0

I'm looking to compare two big sets of csv files and/or a csv file and a .txt file. I "think" the .txt file may need to be converted to a csv file just for simplicity sake but that may or may not be needed. I either want to use excel, c++, or python. I need to compare one "accepted" value list to a list that is measured and find the difference between them if there is one. Excel may be the easiest way to do this but python or c++ may work just as well. This is not homework so don't worry about that sort of thing. Code advice and/or templates is greatly appreciated. or links to websites

EDIT 1

I've read about Python's difflib or differ class but unfamiliar how to use it and may be more than I want.

EDIT 2

The Files both will have a series of columns(not with lines drawn between them or anything) and below those "named" columns there will be numbers. I need to compare the number in column 1 spot one in file one to column 1 spot one of file 2 and if there is a difference show the difference in another csv file

animuson
  • 53,861
  • 28
  • 137
  • 147
  • I think I would convert everything to CSV files, (something like this http://pypi.python.org/pypi/xlrd/0.5.2 would help) and compare the CSVs. Using CSV as the common denominator thats application and platform agnostic – tMC May 31 '11 at 18:18
  • It's a bit tricky to answer without more info - can you explain how the data is laid out in the files? – Thomas K May 31 '11 at 18:32
  • a heading for each of 5 columns under each column there are numbers and I need to compare each of the numbers under the 5 columns to numbers in the same spot on a different file and find a difference if there is one –  May 31 '11 at 18:35
  • "*I either want to use excel, c++, or python*" Well gee, that sure narrows it down. Pick one. – ildjarn May 31 '11 at 19:34
  • @ildjarn if you don't have anything to add to the answering of my question stay away please and I did that to bring in people from other programming backgrounds. You forgot to complain about me tagging python, c++, and excel as well –  May 31 '11 at 21:26
  • @Tyler31 : Actually that complaint was implied. ;-] Maybe you should be more receptive to criticism given the fact that you're not getting any high-quality answers. – ildjarn May 31 '11 at 21:32
  • ^^ what a waste of time. and arrogant –  Jun 01 '11 at 02:34
  • plain `awk` (or even `tr`) and `diff` would solve this problem with a (short) one liner in any unix-like environment. There are unix-like environments on windows. – Alexandre C. Jun 01 '11 at 08:49

2 Answers2

2

You can use ADO (ODBC/JET/OLEDB Text Driver) to treat 'decent' .txt/.csv/.tab/.flr files as tables in a SQL Database from every COM-enabled language. Then the comparisons could be done using the power of SQL (DISTINCT, GROUP, (LEFT) JOINS, ...).

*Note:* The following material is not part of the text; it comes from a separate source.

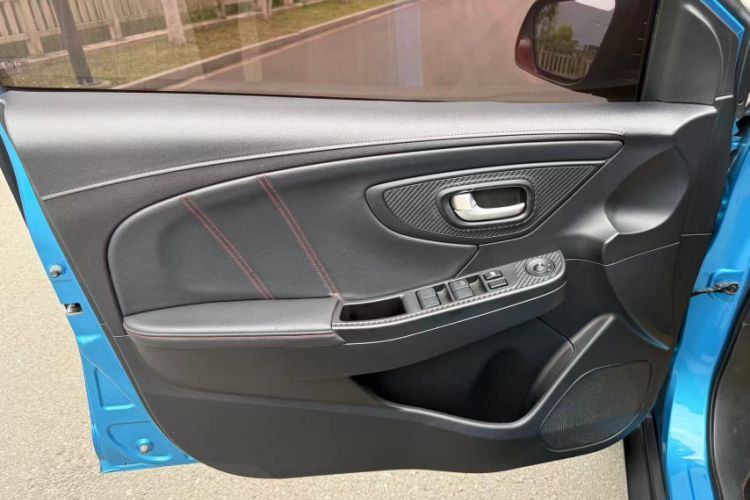 Used Luxgen U5 SUV 2017 1.6L CVT Flagship Edition Interior 5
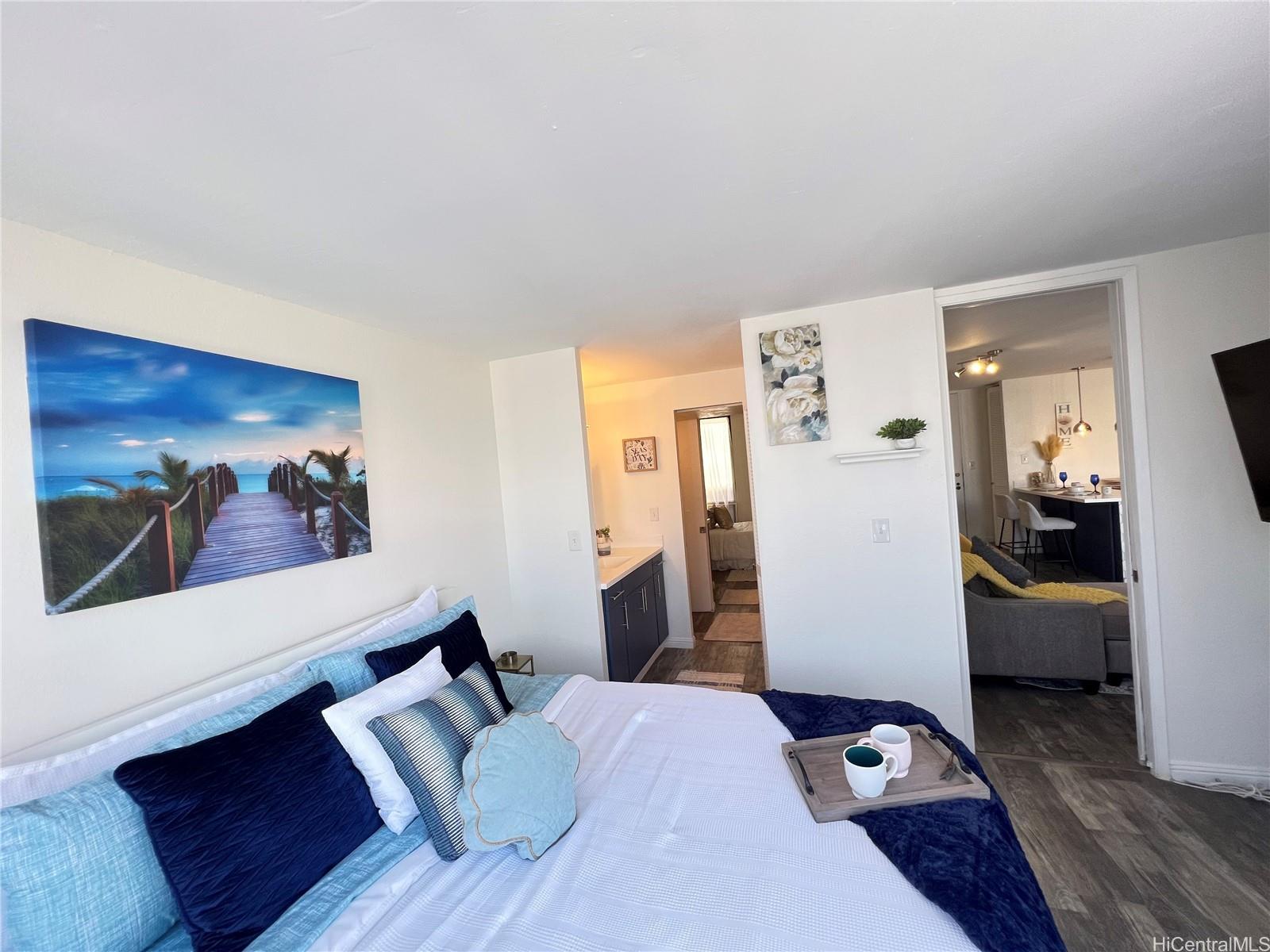 320 Liliuokalani Avenue  Unit 902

Added with regard to your comment:

It's your problem and I don't want to push you where you don't want to go. But SQL is a good (the best?) tool, if you need to compare tabular data. As evidence the output of a script that spots the differences in two .txt files:

======= The .txt files to play with
------- file1.txt
"AC";"AM"
40000;-19083,00
40100;20000,00
40200;350004,00
40300;3498,99

------- file2.txt
"AC";"AM"
40000;-19083,00
40300;3498,99
40105;-234567,00
40200;350,00

======= Some diagnostic SQL
------- <NULL> indicates: In F1 but not in F2 (LEFT JOIN)
SELECT T1.AC, T1.AM, T2.AM FROM [file1.txt] AS T1 LEFT JOIN [file2.txt] AS T2 ON (T1.AC =
T2.AC)
------- Result
AC      File1   File2
40000   -19083  -19083
40100   20000   <NULL>
40200   350004  350
40300   3498,99 3498,99

------- <NULL> indicates: Not in the other file (LEFT JOIN, UNION)
SELECT T1.AC, T1.AM, T2.AM FROM [file1.txt] AS T1 LEFT JOIN [file2.txt] AS T2 ON (T1.AC =
T2.AC) UNION SELECT T2.AC, T1.AM, T2.AM FROM [file2.txt] AS T2 LEFT JOIN [file1.txt] AS T1
 ON (T1.AC = T2.AC)
------- Result
AC      File1   File2
40000   -19083  -19083
40100   20000   <NULL>
40105   <NULL>  -234567
40200   350004  350
40300   3498,99 3498,99

------- the problems: missing, different values
SELECT T1.AC, T1.AM, T2.AM FROM [file1.txt] AS T1 LEFT JOIN [file2.txt] AS T2 ON (T1.AC =
T2.AC) WHERE T2.AM IS NULL OR T1.AM <> T2.AM UNION SELECT T2.AC, T1.AM, T2.AM FROM [file2.
txt] AS T2 LEFT JOIN [file1.txt] AS T1 ON (T1.AC = T2.AC) WHERE T1.AM IS NULL OR T1.AM <>
T2.AM
------- Result
AC      File1   File2
40100   20000   <NULL>
40105   <NULL>  -234567
40200   350004  350

Further additions:

This article deals with ADO and text files; look for a file adoNNN.chm (NNN=Version number, e.g. 210) on your computer; this is a good book about ADO.

You can use Access or OpenOffice Base to experiment with SQL statements applied to a linked/referenced (not imported!) text database.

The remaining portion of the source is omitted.